# Adding a switch to a batch file



## online_fixes (Jul 6, 2005)

I use the following daily to Scan and backup any changed files in a small system I have here.

@echo off
echo %date% - %time% > R:\xcopy.log
xcopy "C:\Documents and Settings\Administrator\Desktop\Restore_Folder_1\*.*" R:\Restore_Folder_1\ /c /s /r /d /y /i >> R:\xcopy.log

Does anyone know of a switch that can be added to remove empty folders or folders of a certain age?

Thanks 

Gary


----------



## Squashman (Apr 4, 2003)

I would look into using XXcopy. I believe it has the functionality you need.
http://www.xxcopy.com/index.htm


----------



## online_fixes (Jul 6, 2005)

I will look into xxcopy!

Gary


----------



## online_fixes (Jul 6, 2005)

I took a look at XXcopy and I would like to keep the file in plain old dos if anyone else out there has an answer?

Thanks 
Gary


----------



## ghostdog74 (Dec 7, 2005)

online_fixes said:


> I took a look at XXcopy and I would like to keep the file in plain old dos if anyone else out there has an answer?
> 
> Thanks
> Gary


hi
below are suggestions if you want plain old dos..hope i read your qns correctly...

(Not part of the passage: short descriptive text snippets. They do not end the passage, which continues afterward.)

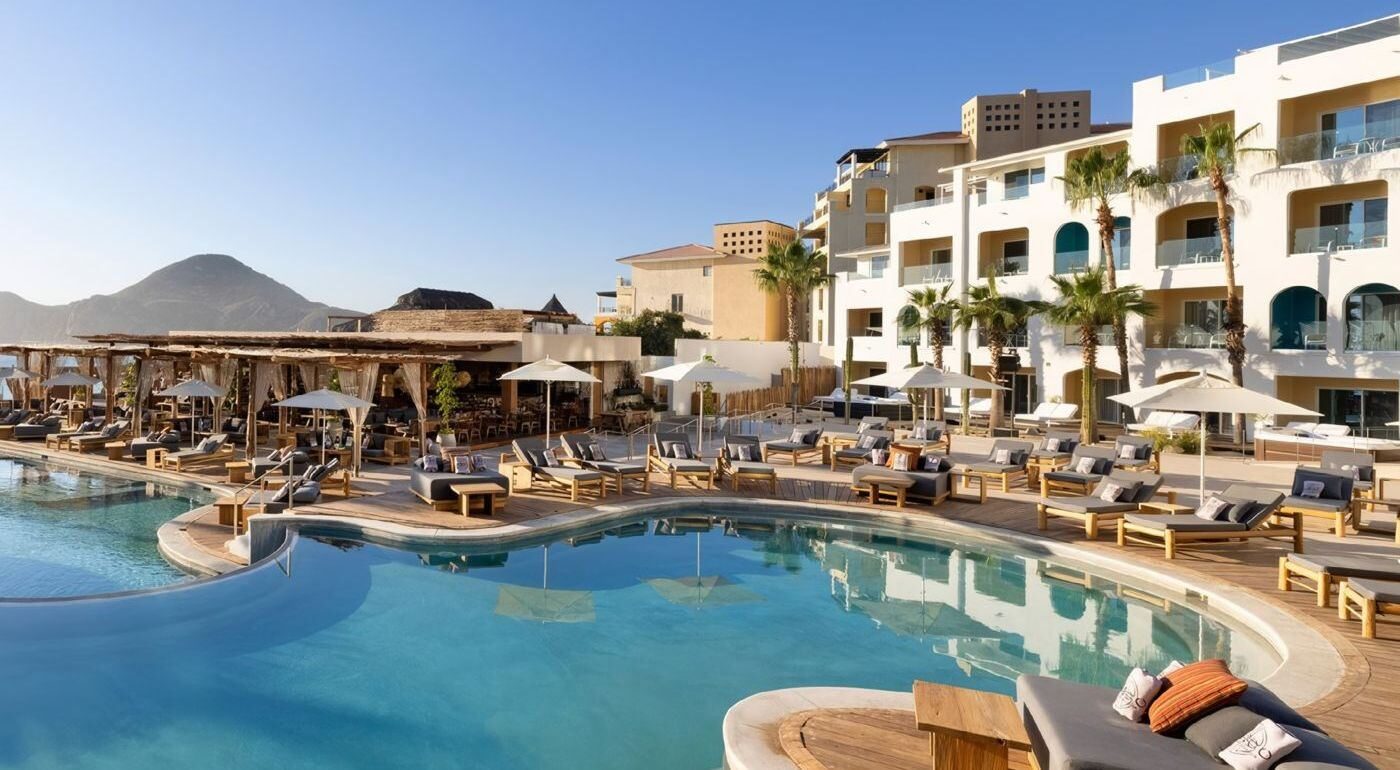 The pool at ME Cabo Adults Only by Meliá in Cabo San Lucas, Mexico, with loungers and mountains in the background The pool at ME Cabo Adults Only by Meliá in Cabo San Lucas, Mexico, with loungers and mountains in the background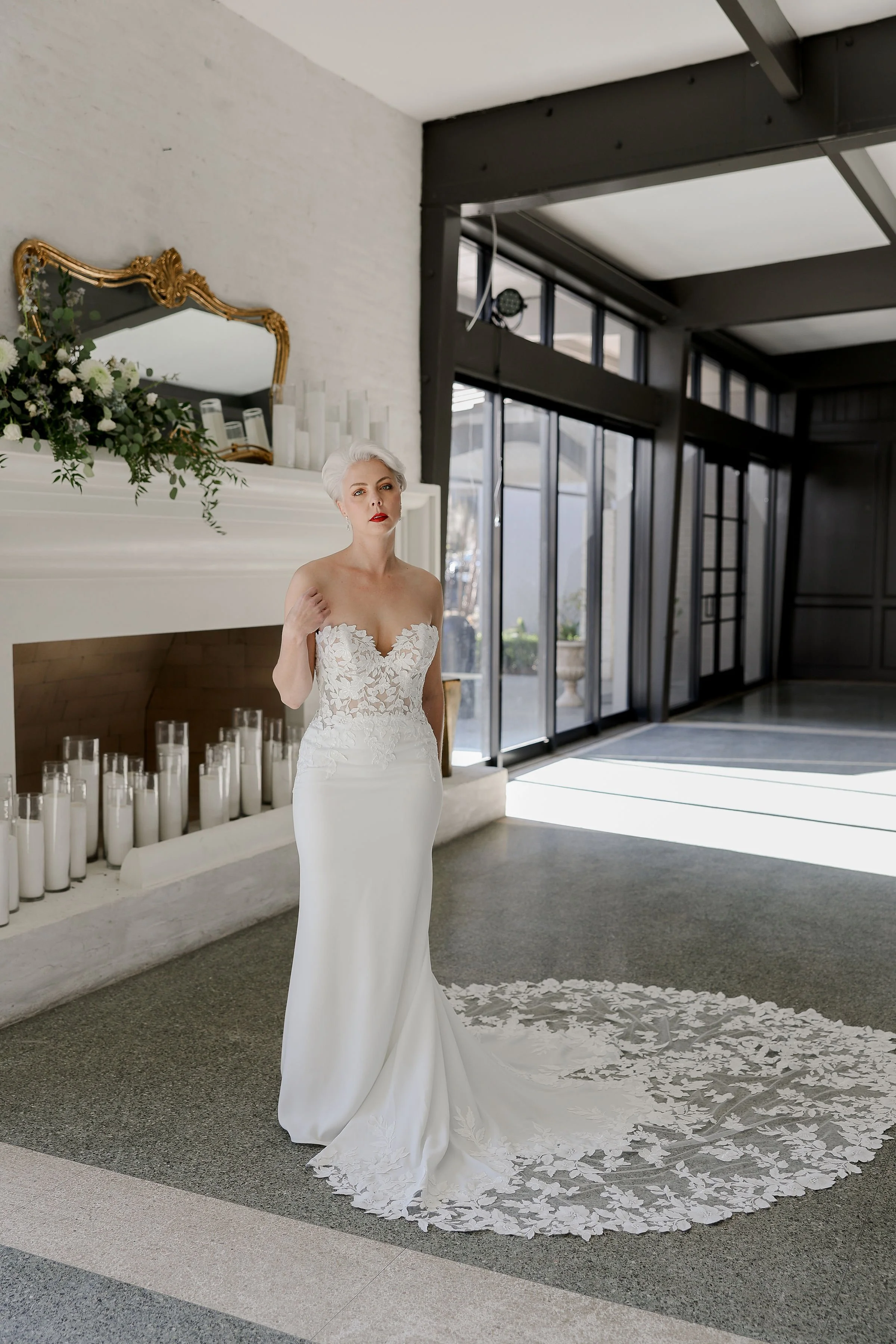 A bride in a white lace wedding gown standing in a modern indoor venue with large windows, candles, and a fireplace decorated with flowers and greenery.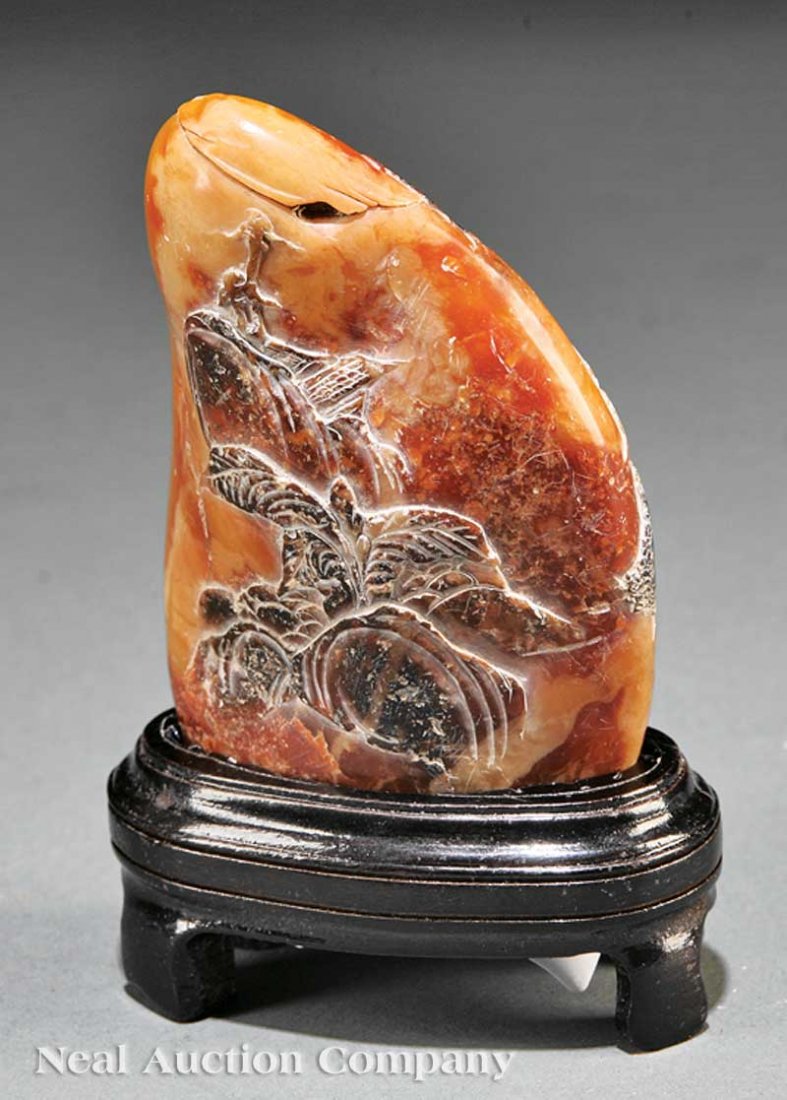 Chinese Soapstone Pebble: A Chinese Soapstone Pebble, carved to one side with two figures seated beneath a tall pine tree, inscribed, the other side carved with plantains and rocks, height 3 3/4 in., width 2 1/2 in., wood stan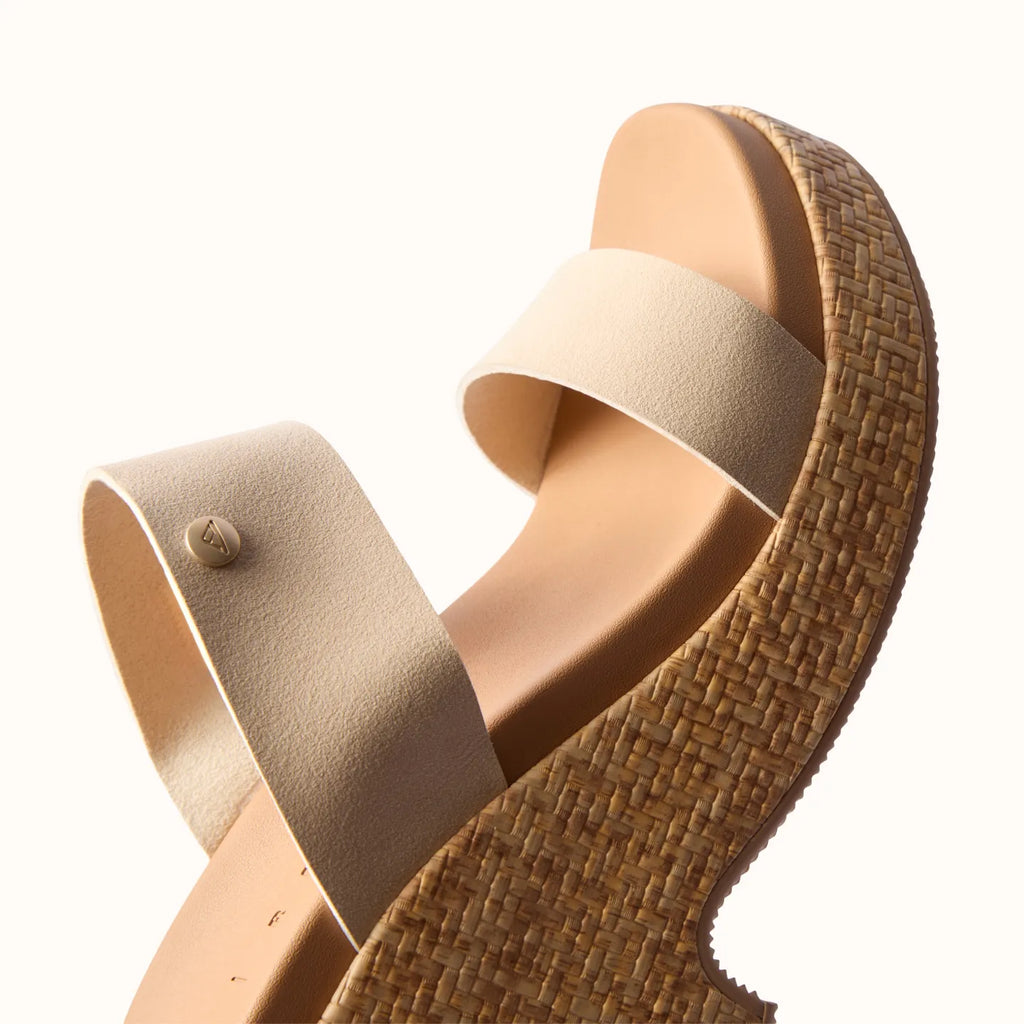Sunset Ibiza x Jenny women's sandal side view showing woven platform sole and wide vegan straps with soft-rebound cushioning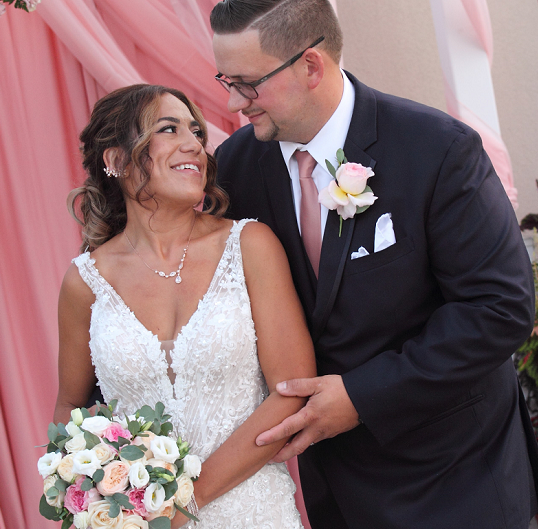 Adrienne A with her husband on their wedding day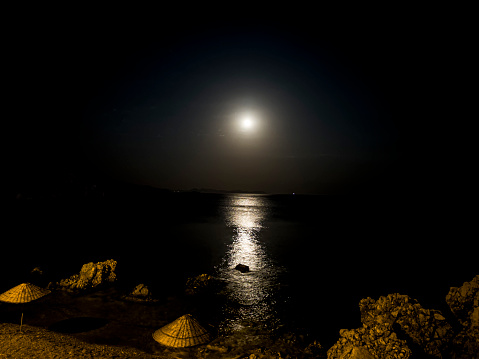 Moon rising over the Red Sea just before sunset. Two local fising boats moored close to the beach.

to remove empty directory , you could just use rmdir. By default, rmdir(on my system) would not remove directories that are not empty.

rmdir somedir > nul 2>&1

for removing files of certain age, you can check out the xcopy /D:m-d-y switch. I donno whether your xcopy has this option or not..
Manipulate your batch such that it copies the files with the date you want, to the backup , and then you can remove the old directory..


----------



## blaqDeaph (Nov 22, 2005)

Yea, RMDIR to remove empty directories.
To Remove directories of a certain age, the only thing i can think of is making a copy of folders that are not that age (using xcopy) and deleting all the folders, then copying back using xcopy.


----------



## online_fixes (Jul 6, 2005)

Thank you all!
I think the last two entries by ghostdog74 and blaqDeaph will help me out!

Happy New Year!!

Gary


----------



## blaqDeaph (Nov 22, 2005)

Although I should add that if you have basic knowledge of C programming, you could do this more efficiently. Also, you can choose to check some briefcase programs.


----------